Erken İlkyaz Muştusu

İlkyaz, güler yüzünü erken gösterdi. Güneş iyice ısıtamasa da mevsim dönümüne uyum çabasındaki bedenlerimizi ‘ılıtıyor’.

Lodos, incecikten ‘rahmet’ getiriyor; “yağsın yağmur çisil çisil, gel gidelim usul usul / Bilemezsin seni nasıl, seni nasıl seviyorum”

Fırsat bu fırsat; bir serçecik, kuytudaki zakkumun narin dalına konmuş, yapraklardan süzülen yağmur sularıyla yıkanıyor. Kâh kanatlarını suya açıp kâh gagasını tüylerinin altına soka çıkara, kışın kirinden pasından arınıyor.

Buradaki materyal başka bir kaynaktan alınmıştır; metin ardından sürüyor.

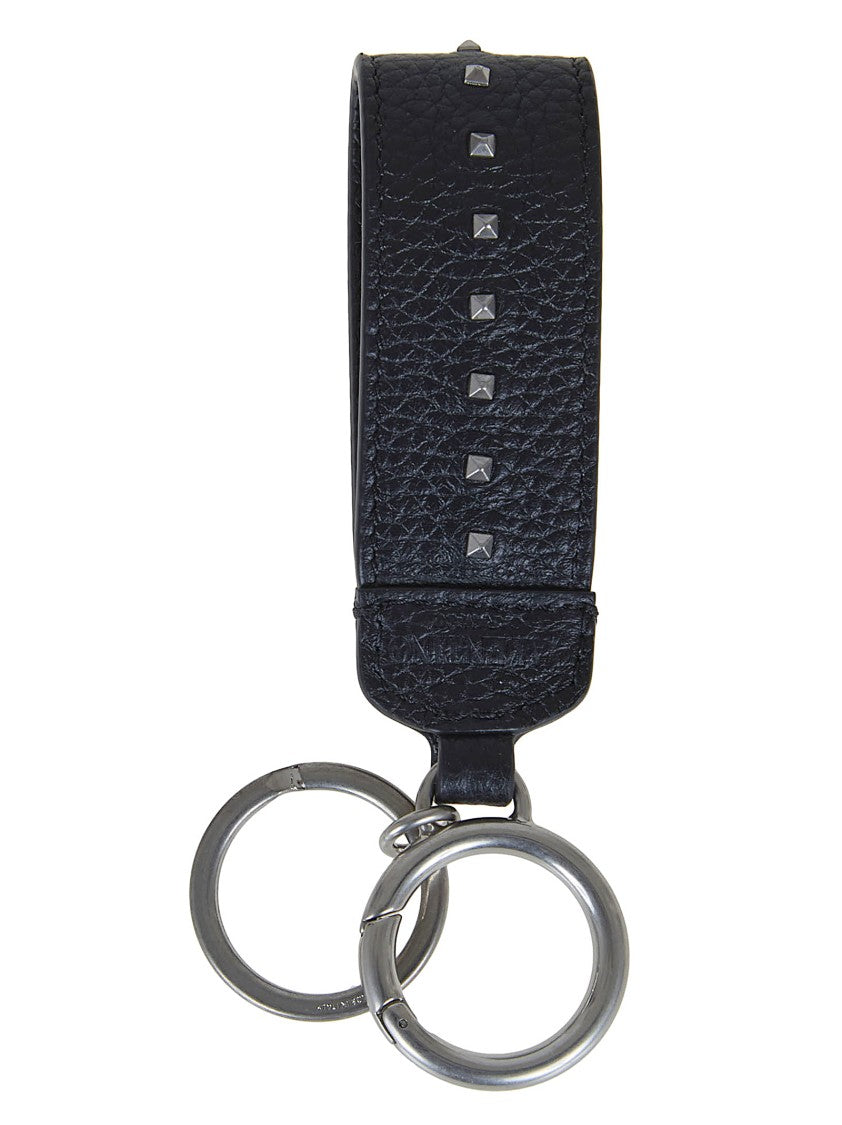 Valentino Garavani Rockstud Key Ring In Grainy Calfskin Leather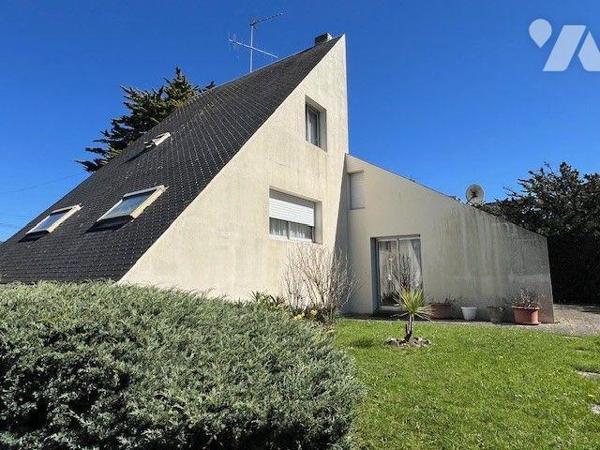 A VENDRE - LA BAULE - SECTEUR DES TROIS FONTAINES - PROCHE CENTRE ET GARE DE LA BAULE 
Dans se...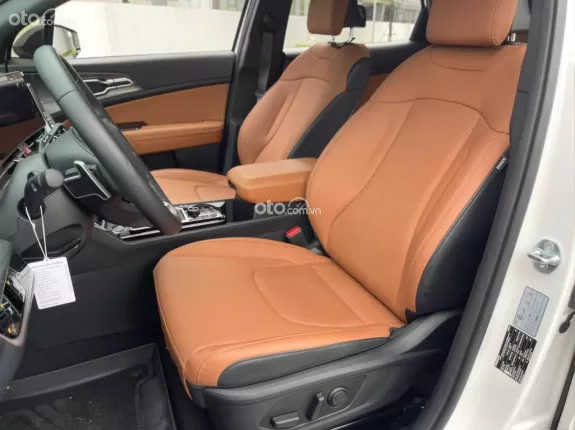 Kia Sportage 2.0G Signature 2024 - Màu trắng nội thất da bò sang trọng đẳng cấp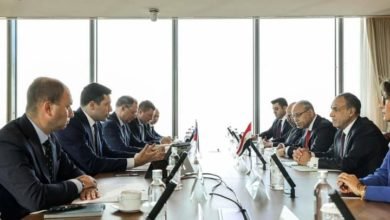 وزير الخارجية يجتمع مع وزير الصناعة والتجارة الروسي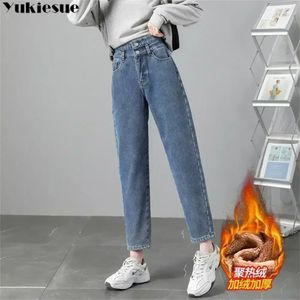 Jeans femininos inverno quente denim haren calças fashionharajuku casual engrossar cintura alta calça reta jean velo vintage mulheres veludo 231218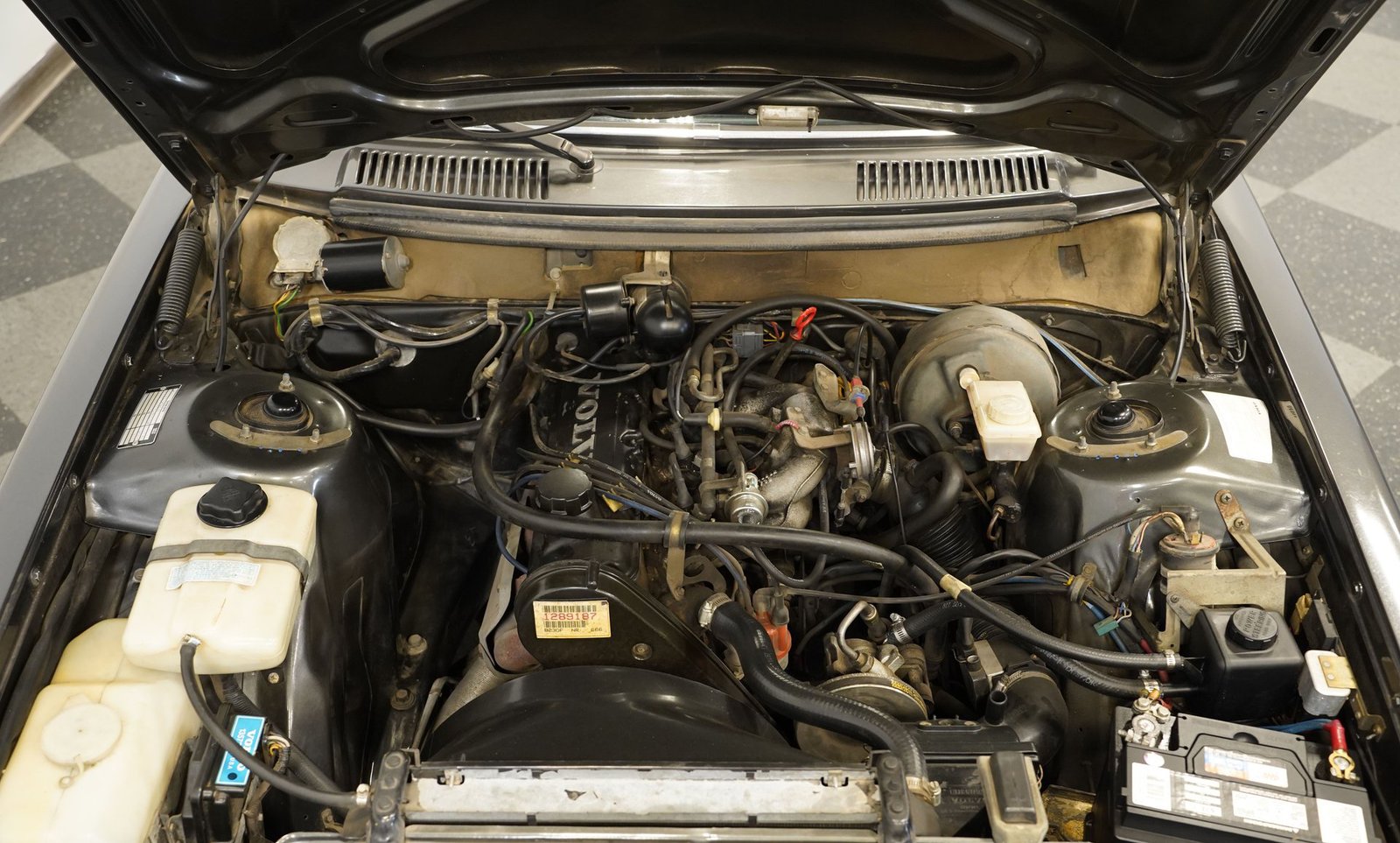Volvo 1988 240DL - Imagem 12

İstanbul Boğazı‘nın koyu laciverti, lodosta köpüklenip ‘su yeşili’ne döndü. Beykoz sahilinde güngörmüş bir çift, ikindi güneşinin beyaz bulutlar arasından gönderdiği huzmelerle denizde oluşan renk kuşaklarını heyecanla birbirine gösteriyor. Beyaz saçlı adam, kumral güzeli zarif kadının iri gözlerinde parlayıp sönen koyu yeşil menevişlere dalıp gidiyor arada bir.

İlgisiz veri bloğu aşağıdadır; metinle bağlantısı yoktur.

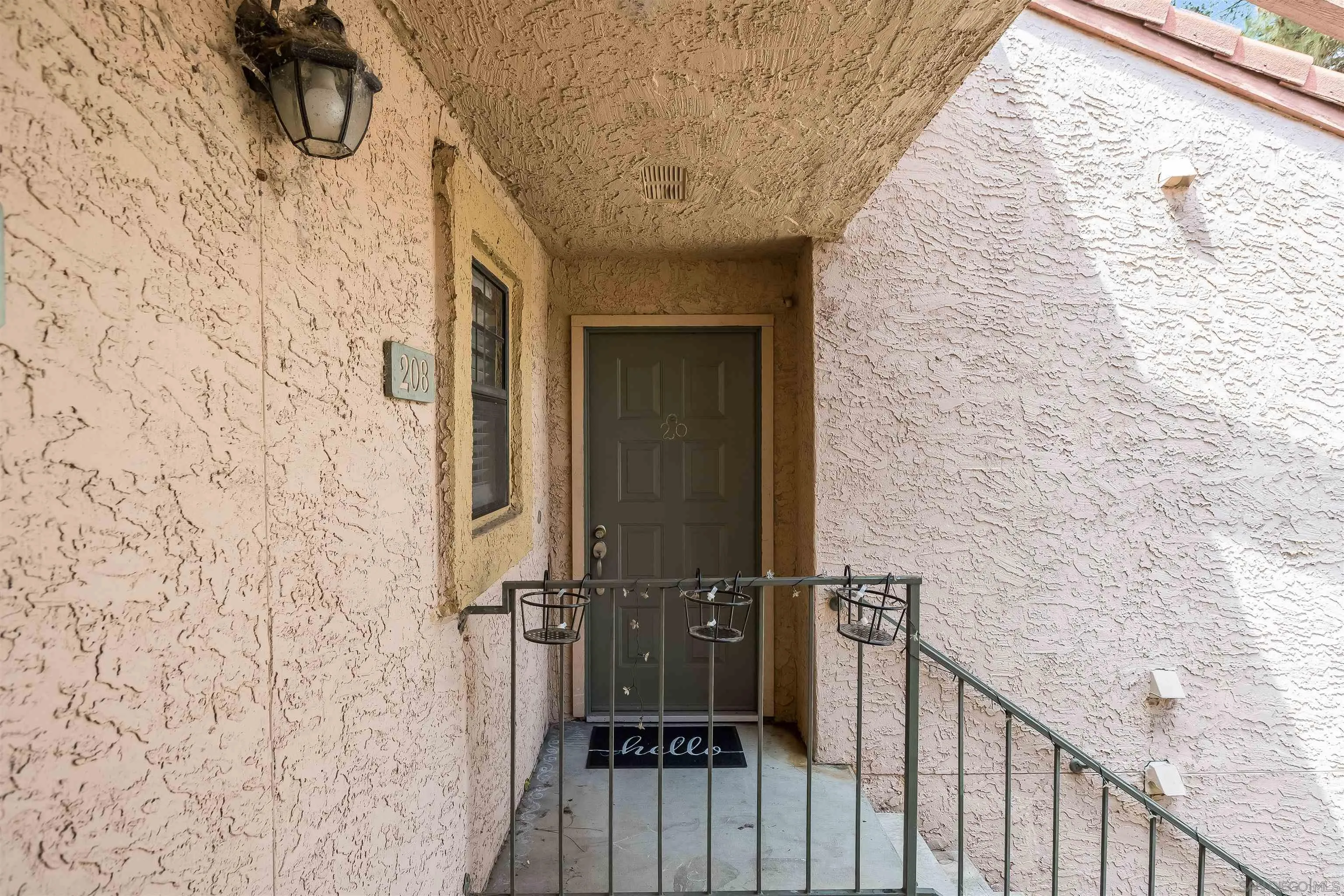 Photo #4: 250024239 Listing 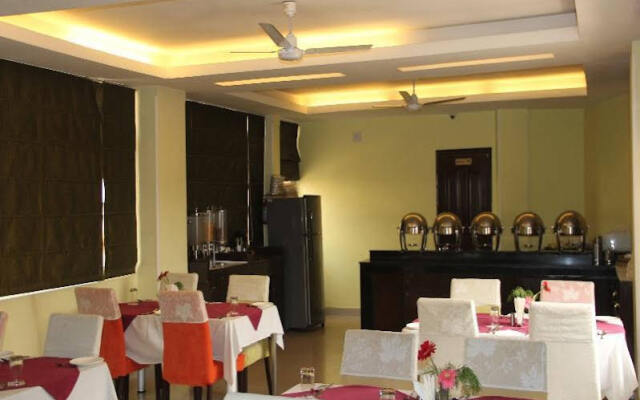 Clarks Inn Nehru Place
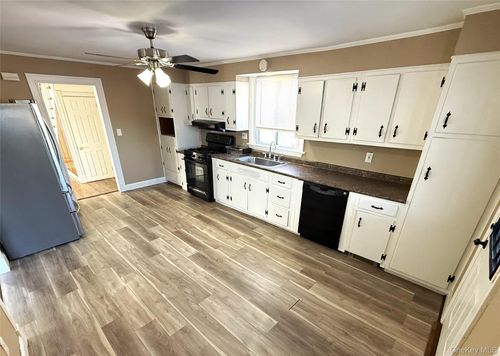 14 Lake St, Highland Fls, NY, 10928-2012 | Card Image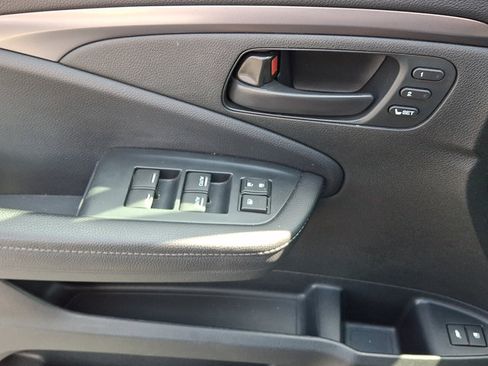 Certified 2023 Honda Passport EX-L image 14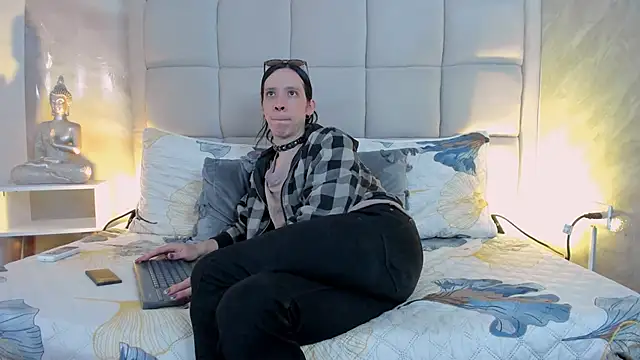 Snapshot of Hecatee_77 chatting on January 13, 7:40 pm Hecatee 77 online show from January 13, 7:40 pm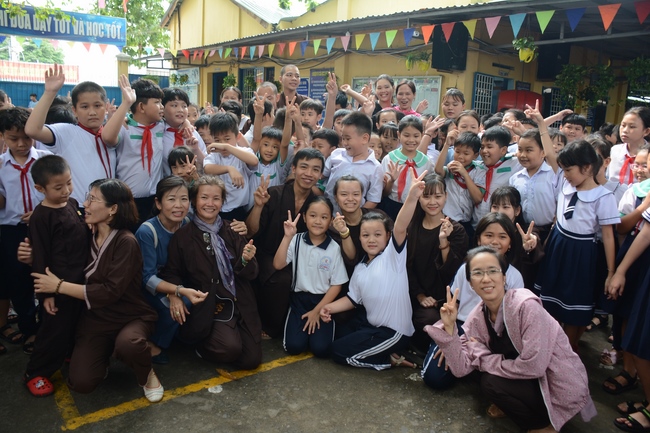 Giving gift portions to pupils on the occasion of Mid-Autumn Festiva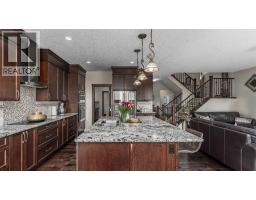 4pc Bathroom - 66 Nolancliff Crescent Nw, Calgary, AB T3R0S6 Photo 18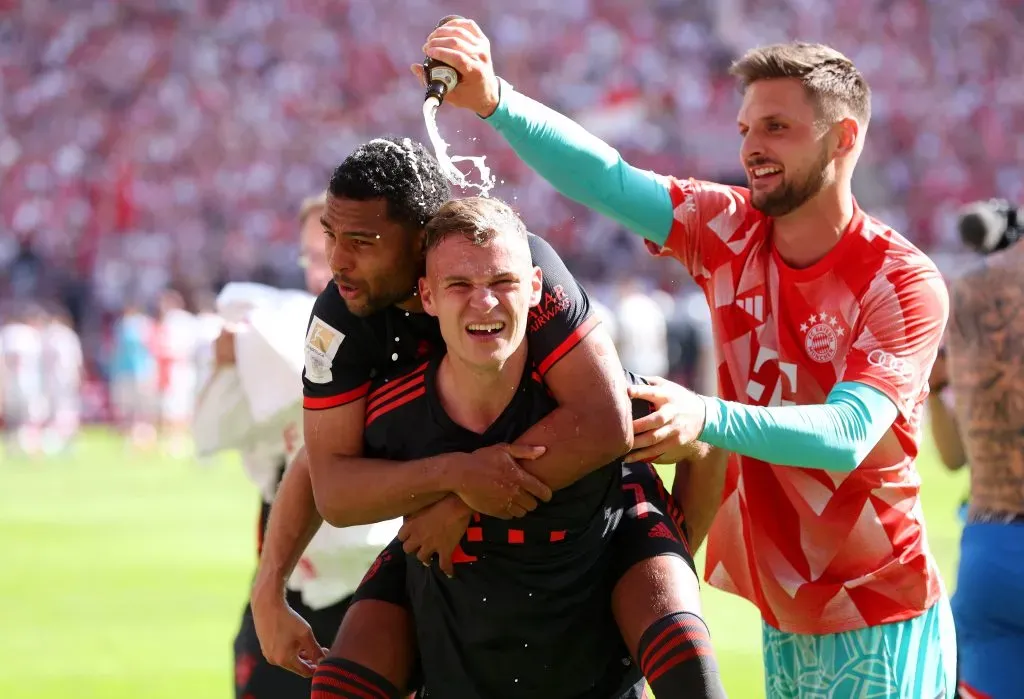 El portero reserva del Bayern Múnich, Sven Ulreich, baña en cerveza a Joshua Kimmich y Serge Gnabry.  (Alexander Hassenstein/Getty Images)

Boğaz‘ın simgesi erguvanların açması için nisan sonu beklenecek. Ömrü yalnızca birkaç haftadır; kıyılar dolusu o pembe – mor çiçekleri görme vakti kaçırılmaya!

Gerçi şimdi de karşı yakada, güneşin ramp ışıklarıyla sahneye çıkardığı Kalender Tepesi koruluğu, dalgalarda süzülen süt beyazı bir tekne, denizin renk şeritleriyle resimsi (pitoresk) bir bayram coşkusu yaratıyor içinizde.

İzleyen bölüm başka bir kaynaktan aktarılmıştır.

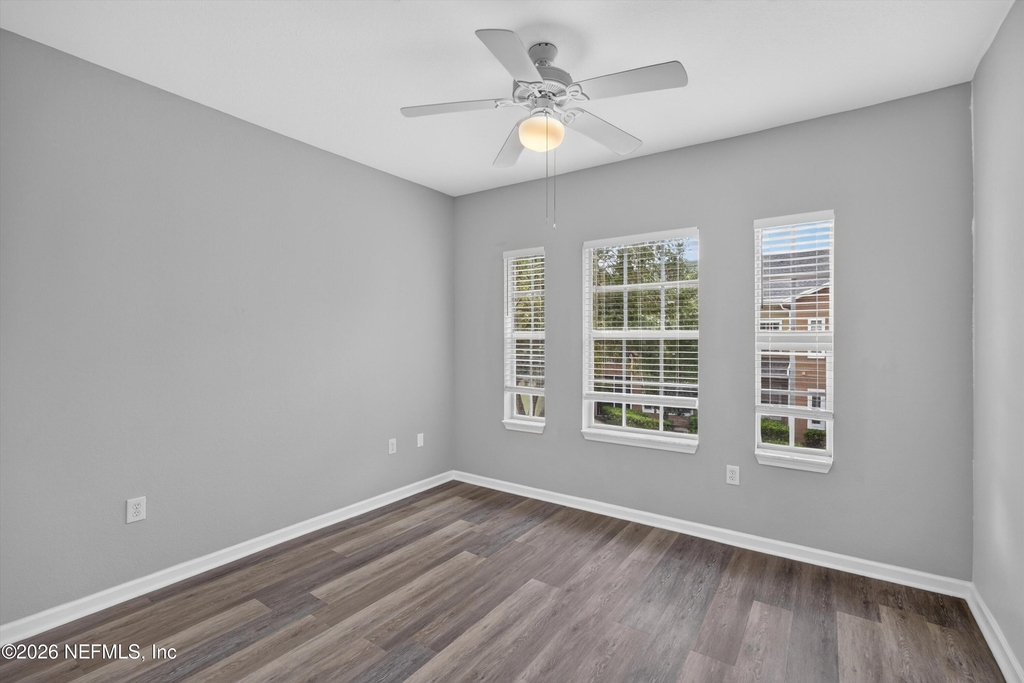 10075 Gate Parkway N - Photo 21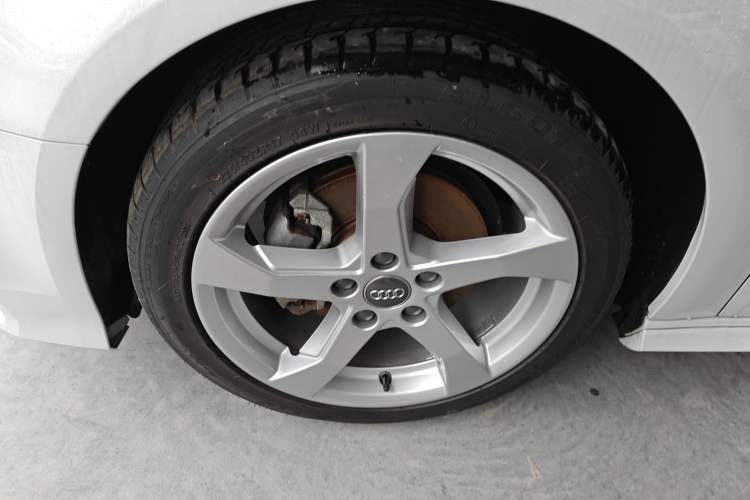 Used Audi A3 2020 Sportback 35 TFSI Fashion Edition China VI Emission Standard Left Front Wheel Hub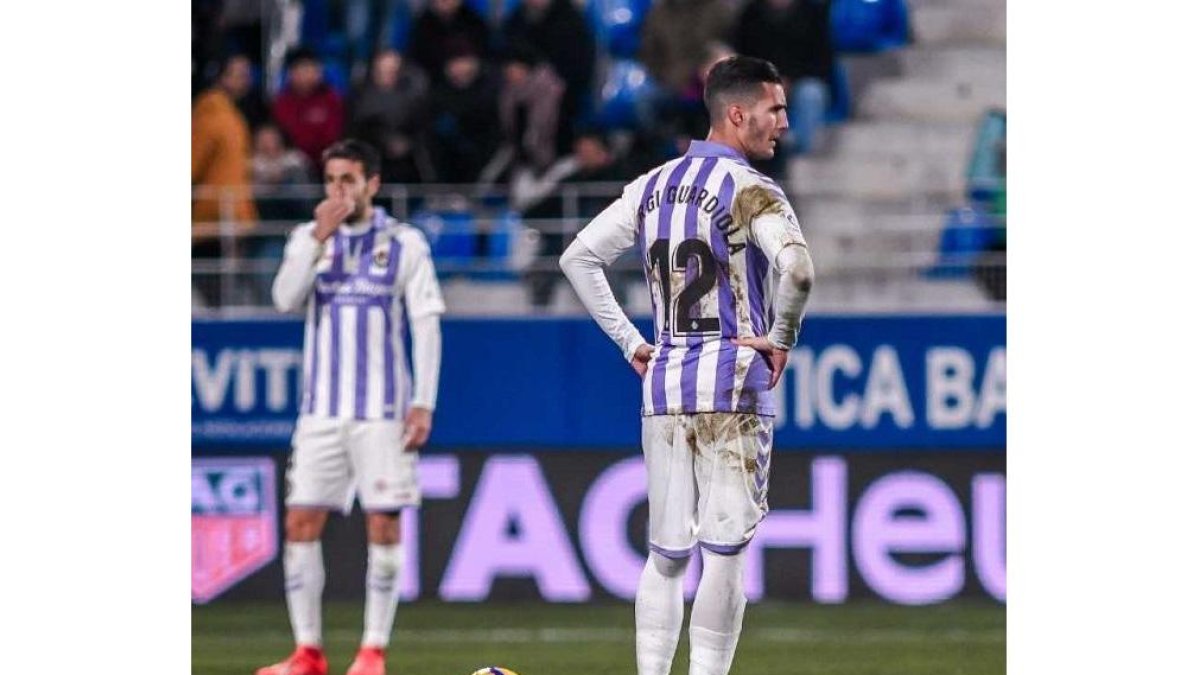 Kiko Olivas y Sergi, cabizbajos tras uno de los goles encajados en Huesca.-PHOTO DEPORTE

Garibim deniz canlıları, Boğaz’da akıntının yönü Marmara’dan Karadeniz’e dönünce ‘orkoz etkisi’yle önce kendileri sarhoş olup su yüzüne vuruyor, sonra  meyhanelere düşüyor! Nevizade’de, içten kahkahalar atan güzel kadınlarla süslenmiş masalarda çıtır çıtır istavritler, kalamarlar, aslan sütü eşliğinde cana can katıyor.

BU DA ÖTEKİ TÜRKİYE

Ülkemizin öteki yüzünde ise ne yazık ki kan, gözyaşı, ıstırap dinmiyor.

Güneydoğu’da terör, durmaksızın can alıyor. Okullar, hastaneler bombalanıyor, yaralılar haftalarca evlerde mahsur kalıyor.

‘Dünya savaşına dönüşme’ tehdidiyle yürekleri ağza getiren Suriye’deki savaştan kaçanların her gün neredeyse onlarcasını, el kadar bebeleriyle birlikte Ege Denizi yutuyor.

Kişi hak ve özgürlüklerine, çağdaş yaşamlara, sanata, sanatçılara, medyaya saldırılar gün gittikçe daha da artıyor.

Akademisyen kimliği de olan koskoca bir bakan, atanamayınca canına kıymayı göze alan öğretmenleri, ‘gösteriş yapmakla’ suçlayabiliyor.

Mahpus damlarında yaşamı karartılan aydınlar, işsiz gençler, çocuk gelinler, şiddet mağduru kadınlar… ‘kışı bitmeyen’ öbür Türkiye’nin, mutluluk çiçekleri açmak için ‘uzak bahar’ı bekleyen sancılı tomurcukları!

GRAM GRAM ‘EPİGRAM’

Ölümsüz Platon’un / Ölsek de döneceğiz / Dediği dünya bu muydu?